Heidi, your response is typical of what the pro-ICWA crowd says whenever anyone dares suggest we put a child’s need for stability and permanency above a tribe’s “interest in its children.”
My sons are 6% Indian. They do not see themselves as Indian, nor have they ever. They grew up 1500 miles from the reservation where one of their sixteen great-great grandparents once lived. Still, several months after they went into foster care, their tribe declared that they were eligible for membership. In spite of the tribe’s ignorance of their existence before they entered foster care, and their tribe’s inaction and failure to help them when they were homeless four and five year-old boys, everyone began to see them strictly as Indian children after they became a part of the system. Their tribe fought hard to have them removed from our home. The tribe lost.

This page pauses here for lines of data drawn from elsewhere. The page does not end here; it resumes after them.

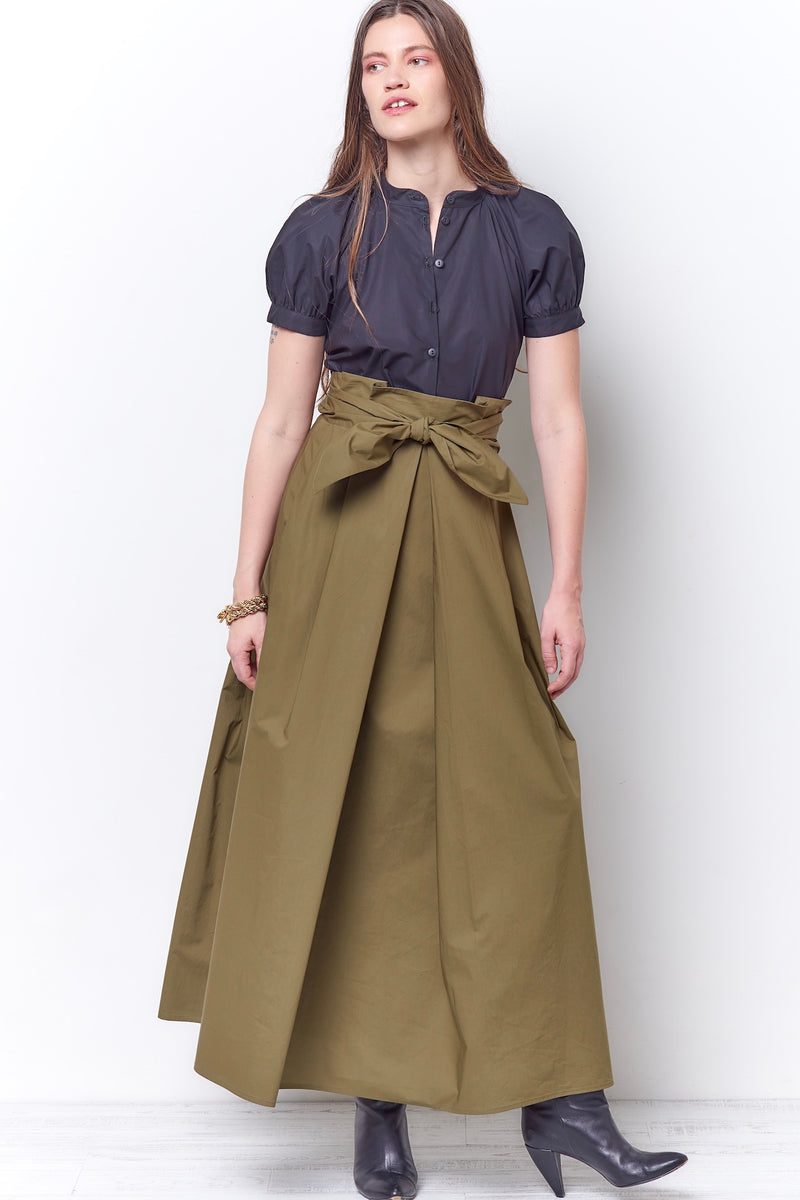 CELESTE Maxi Paperbag Skirt - Poplin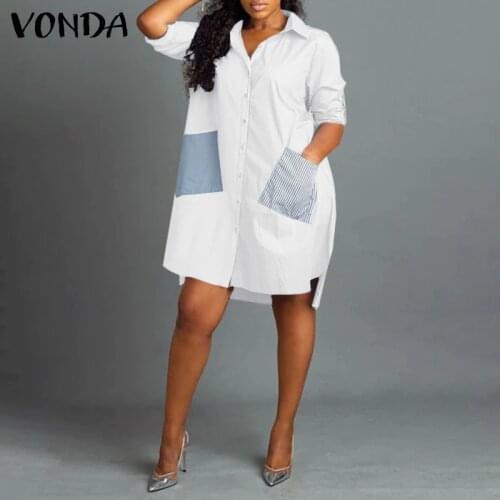 Women Sexy Shirt Dress 2021 VONDA Vintage Long Sleeve Lapel Collar Button Up Striped Dress With Pockets Casual Vestido Robe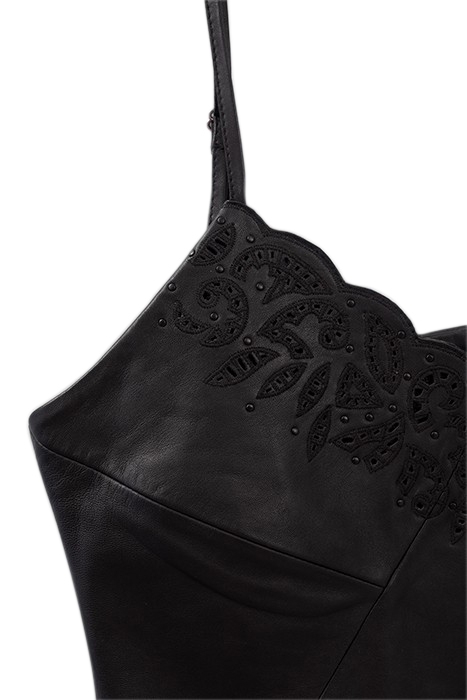 BLACK EMBROIDERED LEATHER STRAPPY TOP 6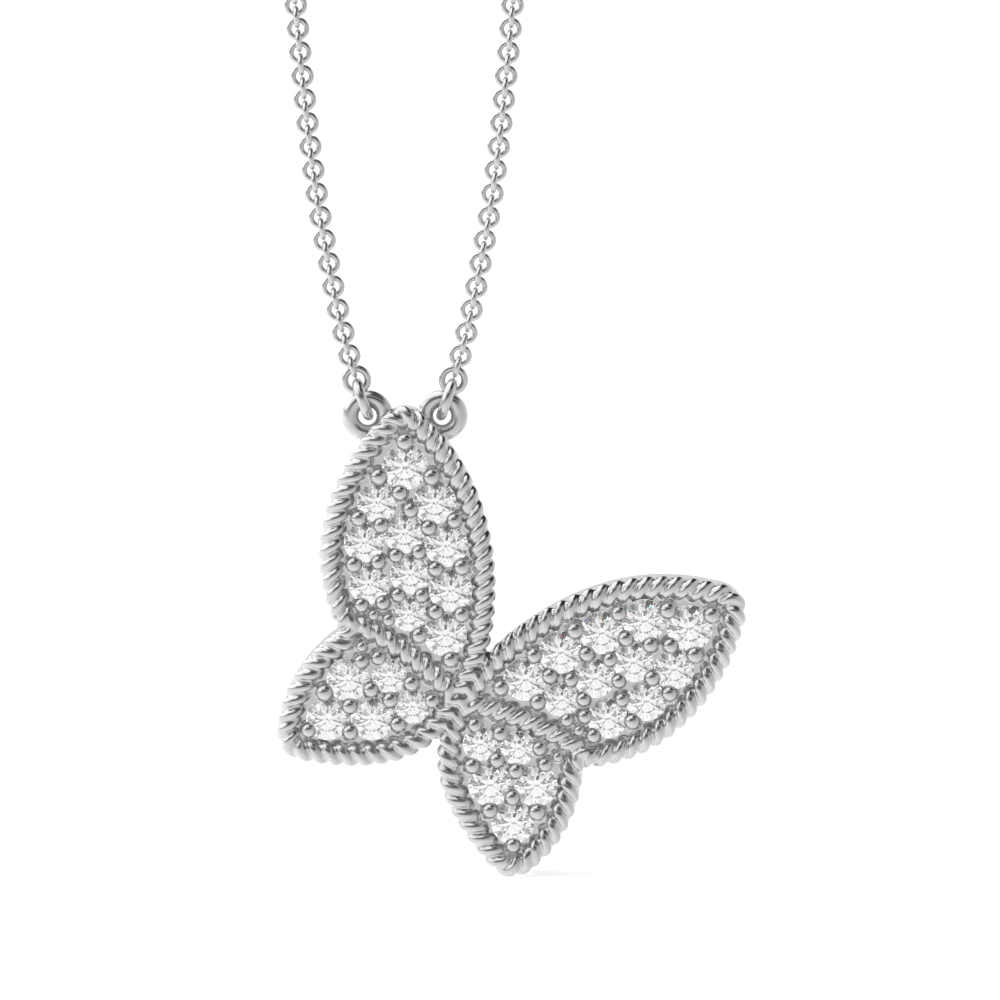 prong setting round diamond butterfly shape pendant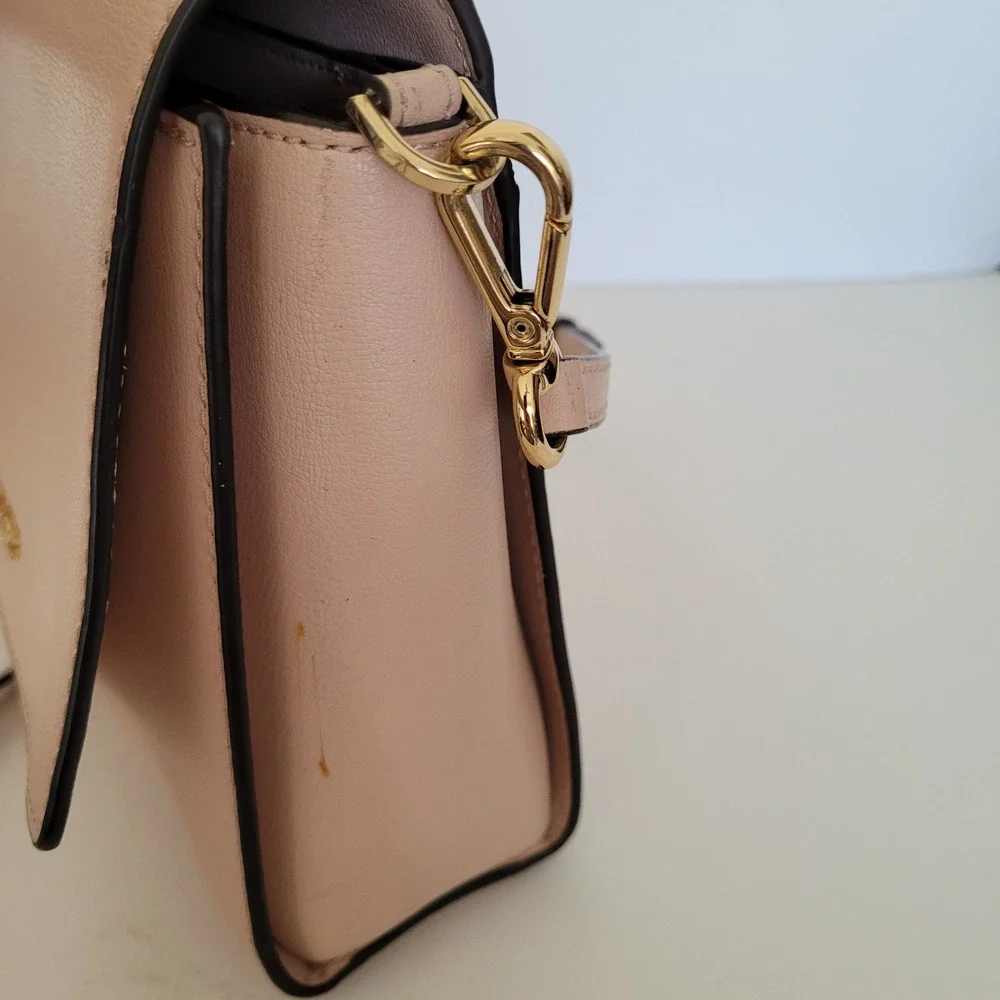 Michael Kors Blush Pink Leather Crossbody Bag Gold Hardware Flap Top Messenger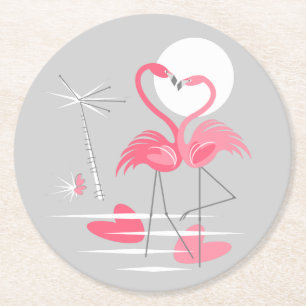 Flamingo Love coaster round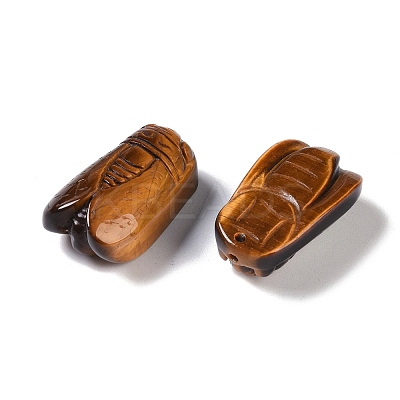 Natural Tiger Eye Carved Insect Pendants G-I361-04A-1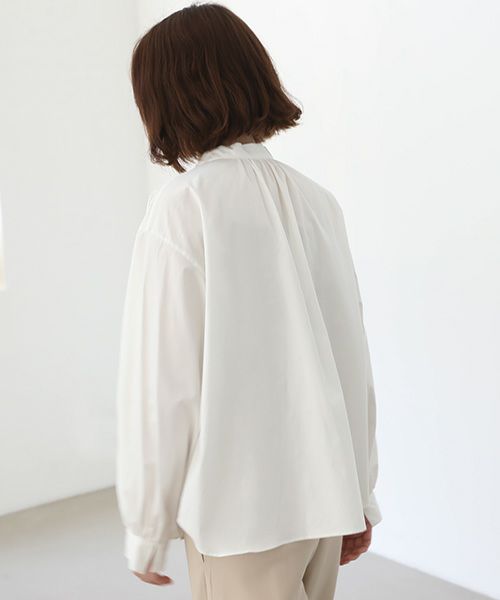 Mochi.モチ.cotton silk gather blouse [ma22-b-01/white]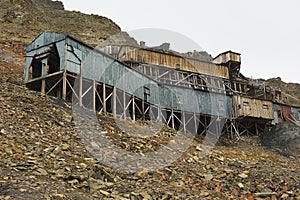 Exterior of the abandoned arctic coal mine buildings in Longyearbyen, Norway.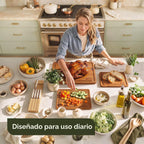 ROYAL CRAFT WOOD Tablas de cortar de madera para preparar comidas de cocina y servir – Juego de tablas de cortar de bambú no tóxicas con asas laterales profundas para jugo – Charcutería y bloque de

Our sons are still eligible for membership, and we have graciously invited the tribe to be involved in their lives since their adoption. We have done many things to connect our sons to that aspect of their heritage. We even visited the reservation, which I repeat, is 1500 miles from our home (and in the middle of nowhere). The tribe has completely ignored them. Not a single word of correspondence from them.
Don’t tell me this is about tribes being concerned about maintaining connections with their children. Our case is like many others. Our sons’ tribe doesn’t care at all about my sons. In turn, my sons don’t care about their tribe and I, for one, have long since stopped encouraging them to learn more about their Indian heritage.
If you want to blame anyone for my sons’ disdain for their tribe, blame the tribe.
Heidi:
I have to disagree that the language in ICWA is not problematic. You state, “Provided that the original foster placement ensured child safety and well-being, the abrupt placement change after three months of stability was of course unnecessary and may very well have had harmful effects on the children involved. However, the actual language within the applicable laws does not appear to be the issue.”
The problem is that in many states, including Minnesota, the question of whether the change in placement would be harmful cannot be litigated without tribal objection. That is because “good cause” to deviate from the placement preferences is not defined by the ICWA, and many state courts refuse to allow the issue of the child’s best interests to be litigated. Of course, tribes can argue that the best interests are inherently biased, but that is an issue in the law goes to bias, and not to admissibility.